A Soldier's Magnificat: Up against the Contradiction between His Prayers and His Duties
Casteel, Joshua, National Catholic Reporter
A couple months after returning from Iraq, a fellow soldier, then taking six medications for posttraumatic stress disorder, knelt in a toilet stall while I heard his confession in an Army latrine.
Bless me, Father, for I have sinned. I have never confessed, he said to me.
Reacting on the fly, I simply told him I would do my best, and pray as God might lead me. When he emerged from the stall, I extended layman's hands toward the cold shell of a man. Perhaps, though, this had been the most alive John (not his real name) had been in months. I gave him a hug and promised that I would walk him through the penance I had suggested for him. Weeks later, I found myself wrestling John over a bottle of gin amid shouts and paranoid hands.
John had seen some of the worst. Wading amid corpses for days, taking fingerprints of dead Iraqis in the aftermath of the assault on Fallujah; interrogations with images stained in his mind. Once he'd even turned himself in as a committer of atrocities--only to be completely ignored. The silence was simply too great. Desperation asking laymen to pray the prayers of priests.
Bless me, Father, for I have sinned. I have never confessed.
For months in Iraq, I prayed the daily offices. The rosary, the Magnificat, the Prayers for the People, and of course my own self-scripted dialogues with God. Morning and evening and noontime alike, I knelt alone, lit candles, sang.
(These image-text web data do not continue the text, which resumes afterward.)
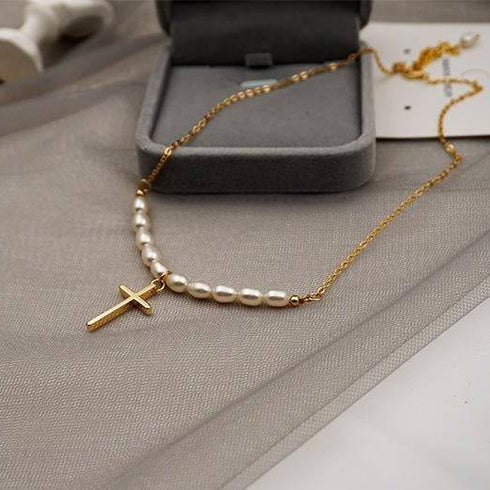 Gold Coin Pearls Pendant Necklace - Zafari Studio Jewelry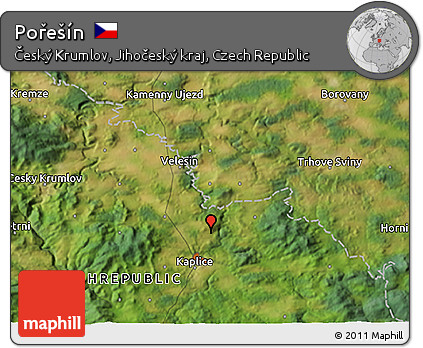 Satellite 3D Map of Pořešín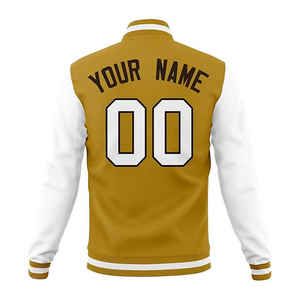 Premium Letterman Baseball School College Bomber Varsity Jacket pour hommes Veste à manches en cuir véritable violet et or personnalisée - Product Image 3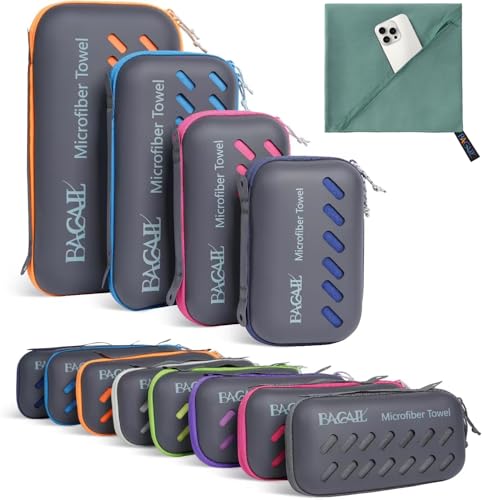 BAGAIL Camping Towel with EVA Case, Compact & Ultra Soft Microfiber Travel Towel - Super Absorbent & Lightweight Quick Dry Towels for Sports, Beach, Gym, Backpacking, Hiking and Yoga - color: Grayish Green, size: XXS - 12" x 24"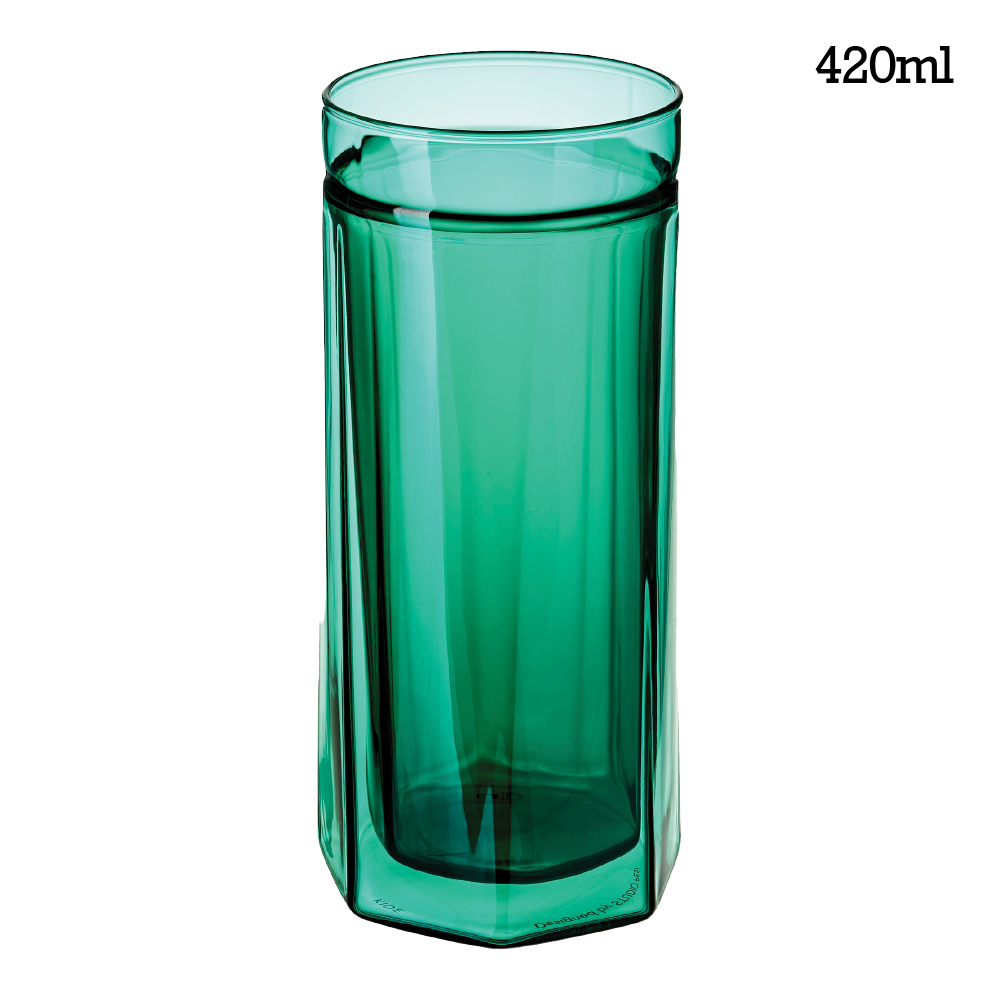 키데 글라스 더블월 선물 집들이 카페 이중 내열 유리 잔 컵 420ml, 1개, 에메랄드 그린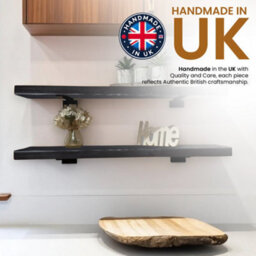 MKGT Handcrafted Rustic Wooden Shelf With T Brackets (Small, Black 50Cm) - thumbnail 3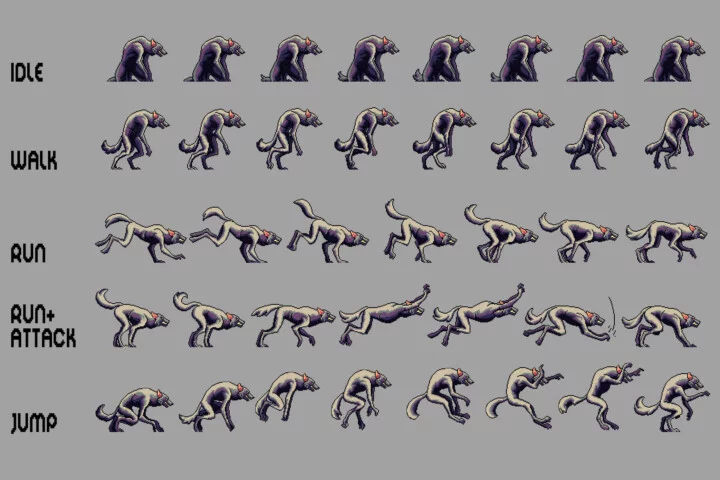 Free Werewolf Sprite Sheets Pixel Art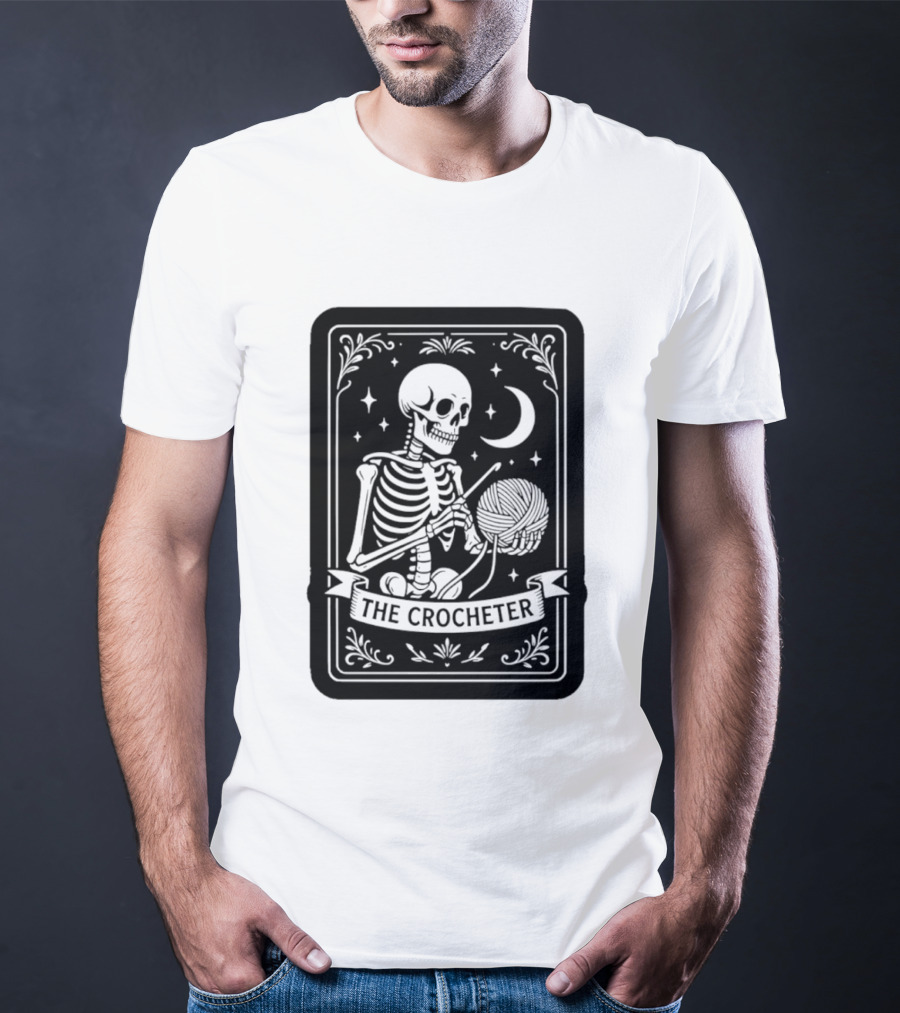 Tarot Card The Crocheter Skeleton Moon And Stars T-Shirt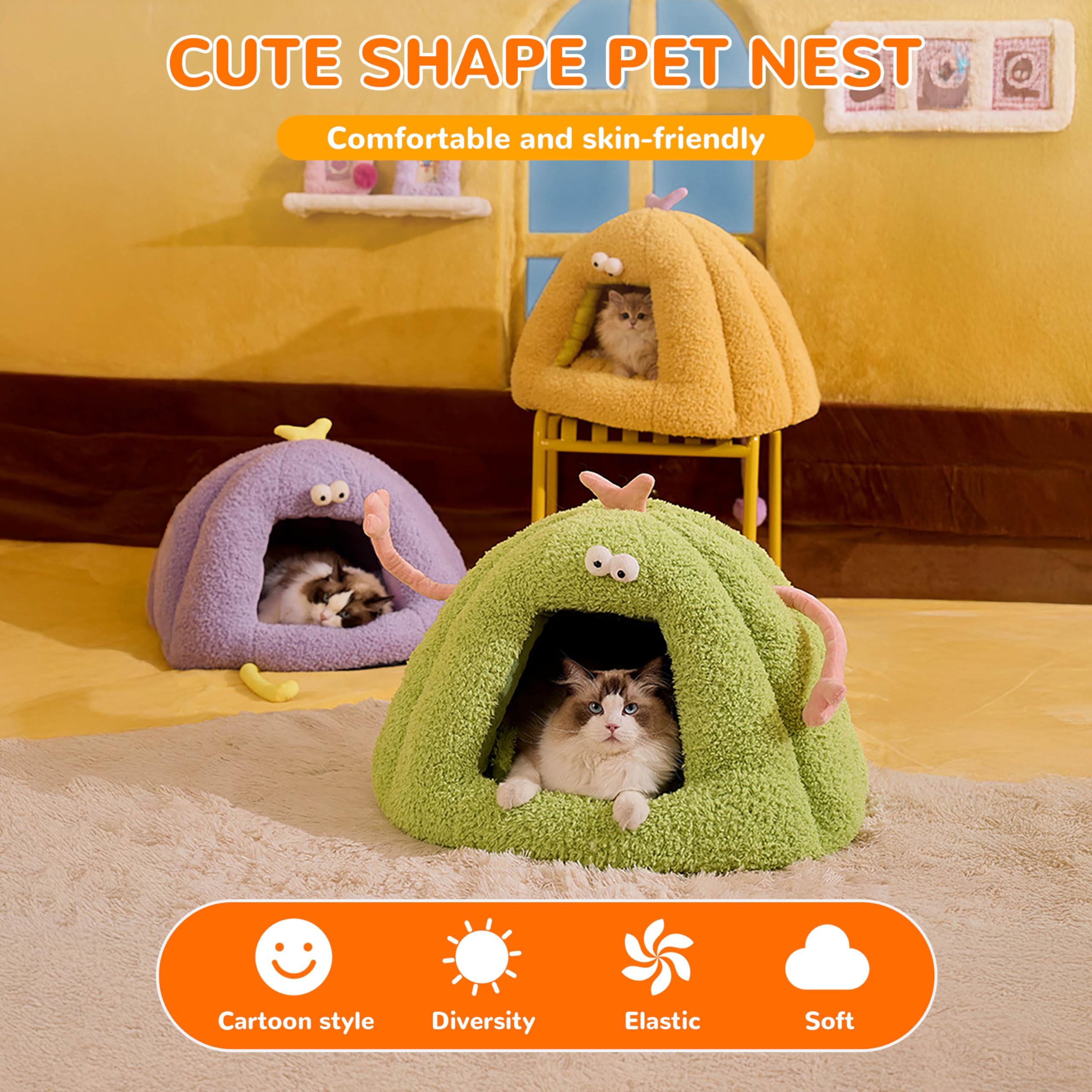 Niche pour chat – Tente confortable pour chats et petits chiens, lit igloo chaud avec coussin amovible lavable – Nid d'intérieur doux pour chiots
Sometimes I would pray the Mass liturgy in the priest's absence, and linger for an hour or more with my head upon my book of prayer, the silence pounding upon me. These times were an entire world unto itself. But that was a world altogether different from the one that existed between my moments of seclusion and prayer. I was, after all, a soldier at war. I was an interrogator.
The first three weeks of any incoming interrogator are pretty much the same. You want to believe in what you're doing. It doesn't matter who you are or where you come from, you look for a way to do what you must. So, you look across the interrogation table in order to right a wrong. You look with the eyes of justice for an evil to be rectified. Sometimes you make decisions of conscience, sometimes decisions of necessity. Each morning I rose, prayed my prayers, donned my M-16 and body armor, walked to my interrogation booth, and met my enemy. And at the end of each day I collapsed again upon my knees, kneeling before an altar of cardboard, cutout icons, and rosaries made of ranger beads, praying for the strength to get through another day--to find justice, to be the servant of justice.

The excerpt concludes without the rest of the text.